Problem description:
For this exercise, restate word for word only the lines from the one containing "Usata Jeep Renegade" through the last line below. Pictures do not get copied.

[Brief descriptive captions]
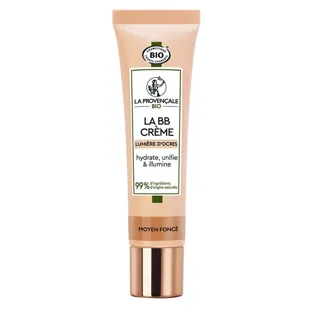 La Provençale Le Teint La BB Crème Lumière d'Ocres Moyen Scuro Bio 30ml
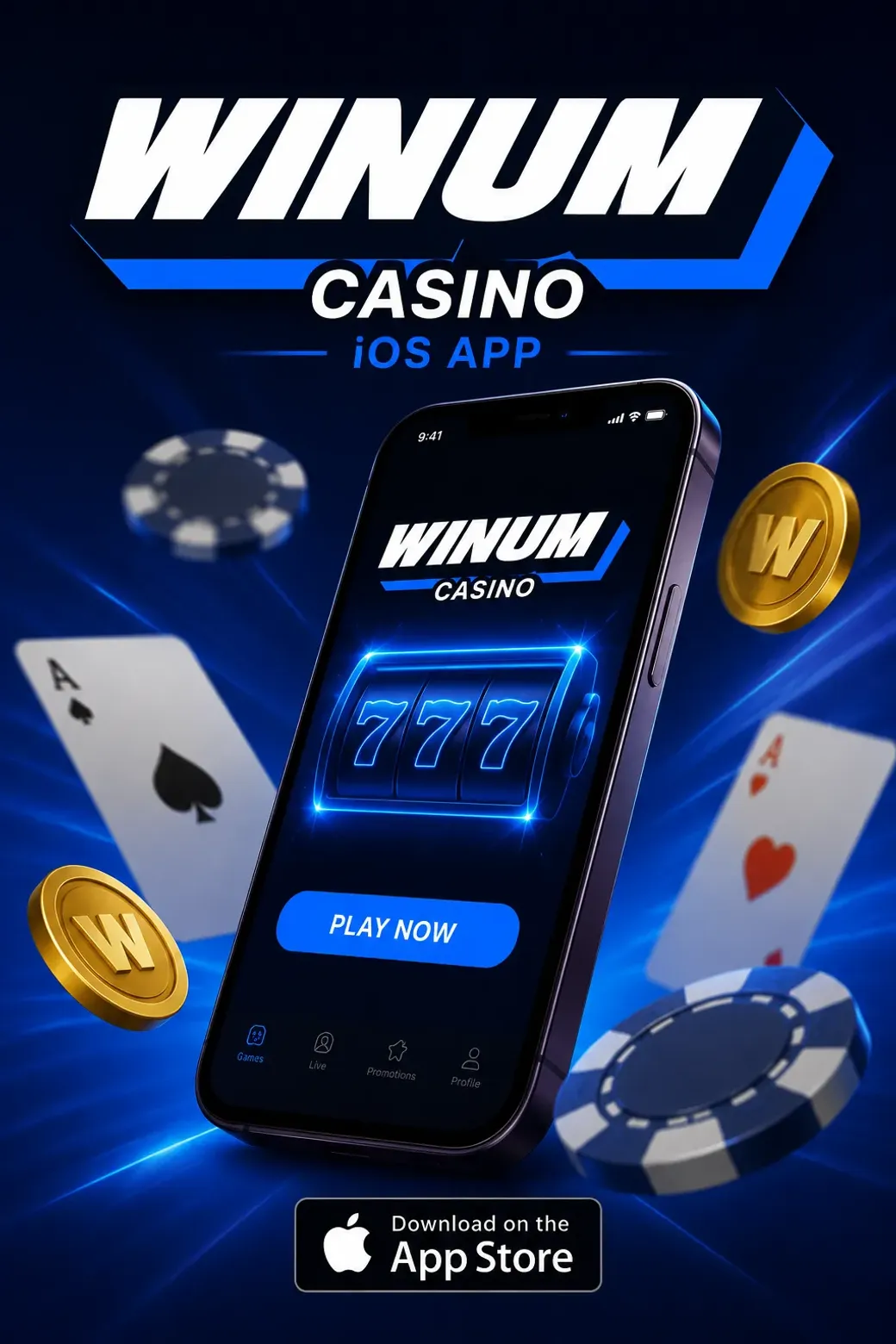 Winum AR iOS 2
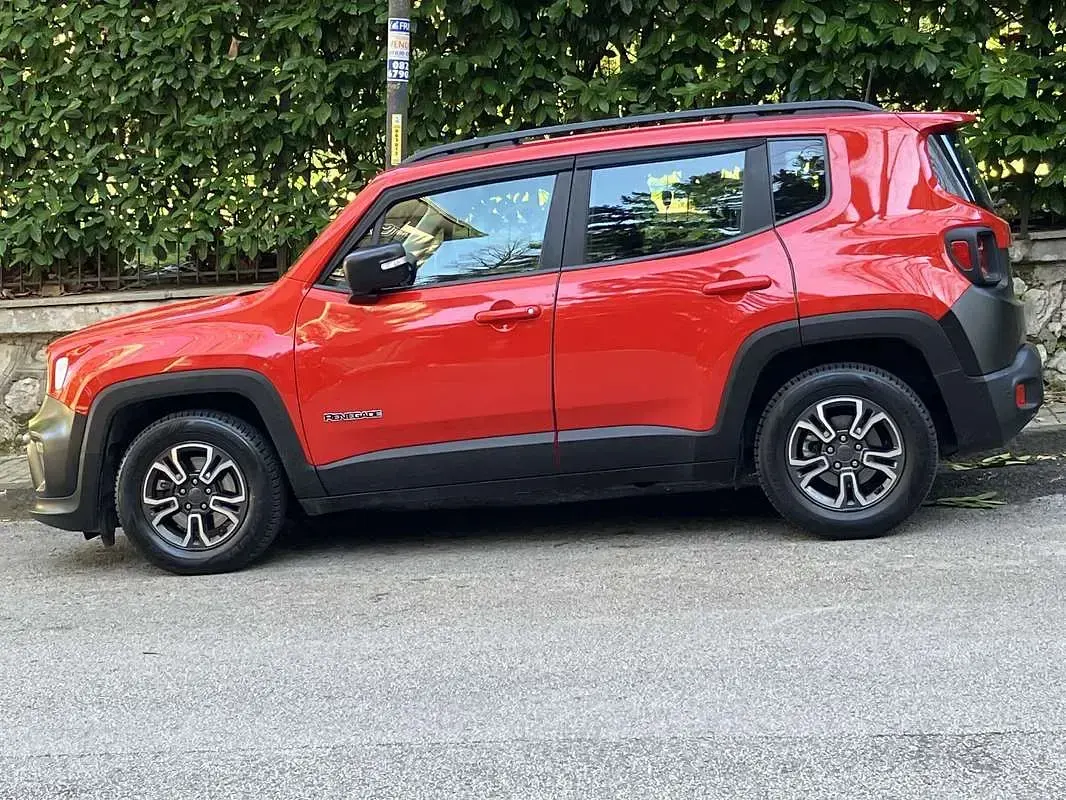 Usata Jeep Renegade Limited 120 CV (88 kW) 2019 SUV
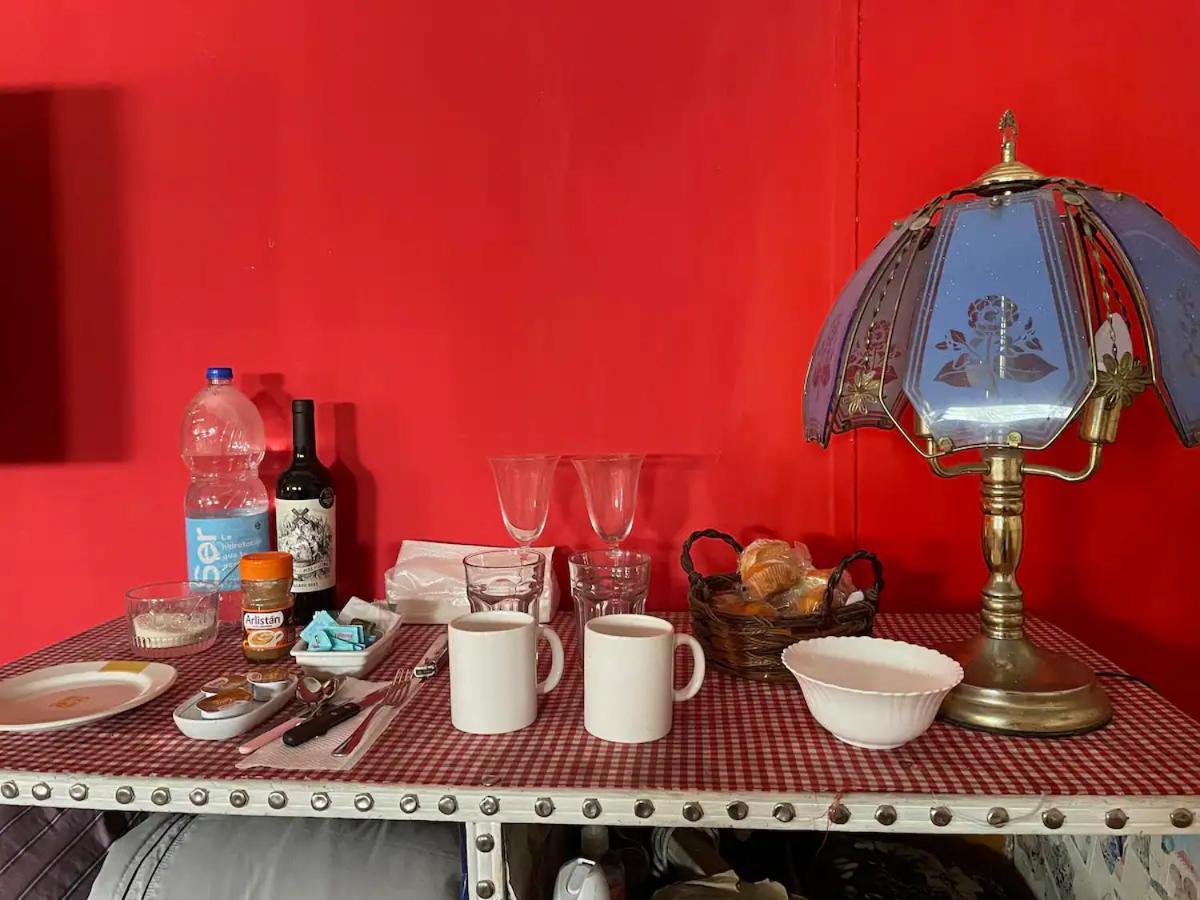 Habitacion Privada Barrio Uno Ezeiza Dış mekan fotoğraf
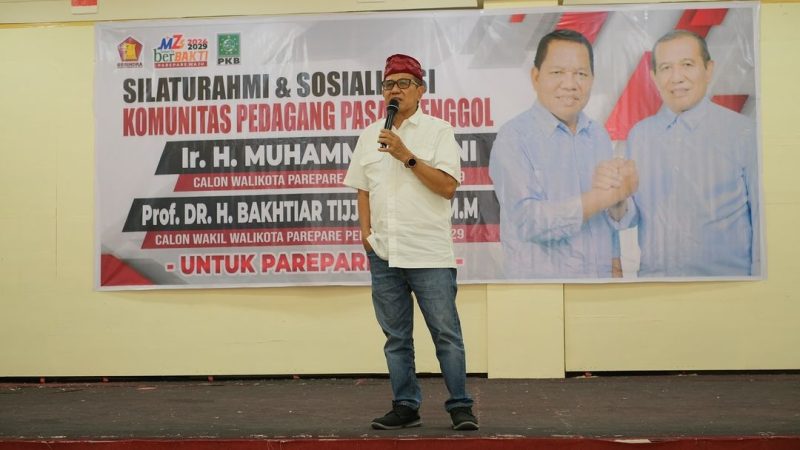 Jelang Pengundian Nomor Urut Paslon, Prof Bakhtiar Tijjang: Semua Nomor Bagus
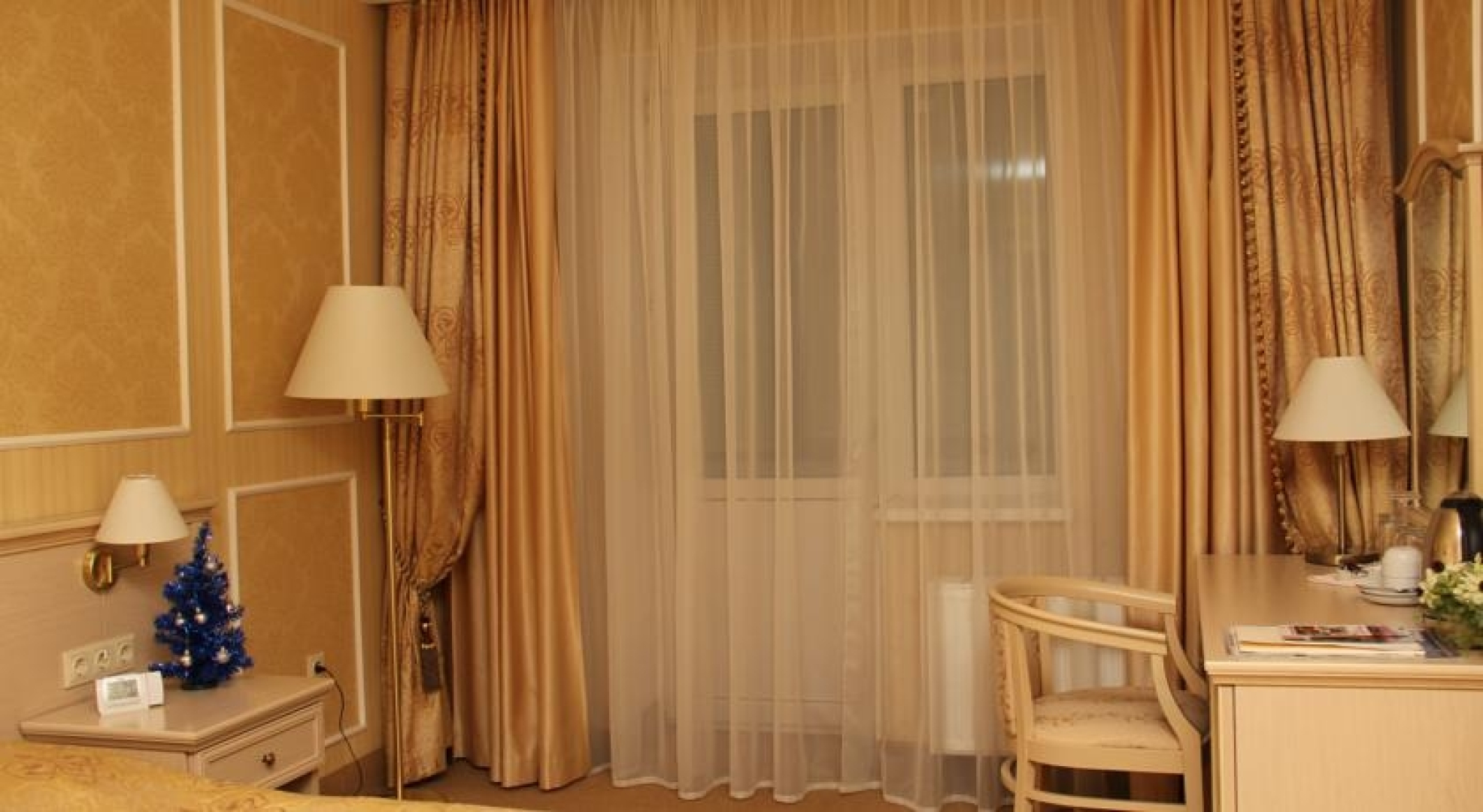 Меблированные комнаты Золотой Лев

Exercise answer:
 Usata Jeep Renegade Limited 120 CV (88 kW) 2019 SUV
 Habitacion Privada Barrio Uno Ezeiza Dış mekan fotoğraf
 Jelang Pengundian Nomor Urut Paslon, Prof Bakhtiar Tijjang: Semua Nomor Bagus
 Меблированные комнаты Золотой Лев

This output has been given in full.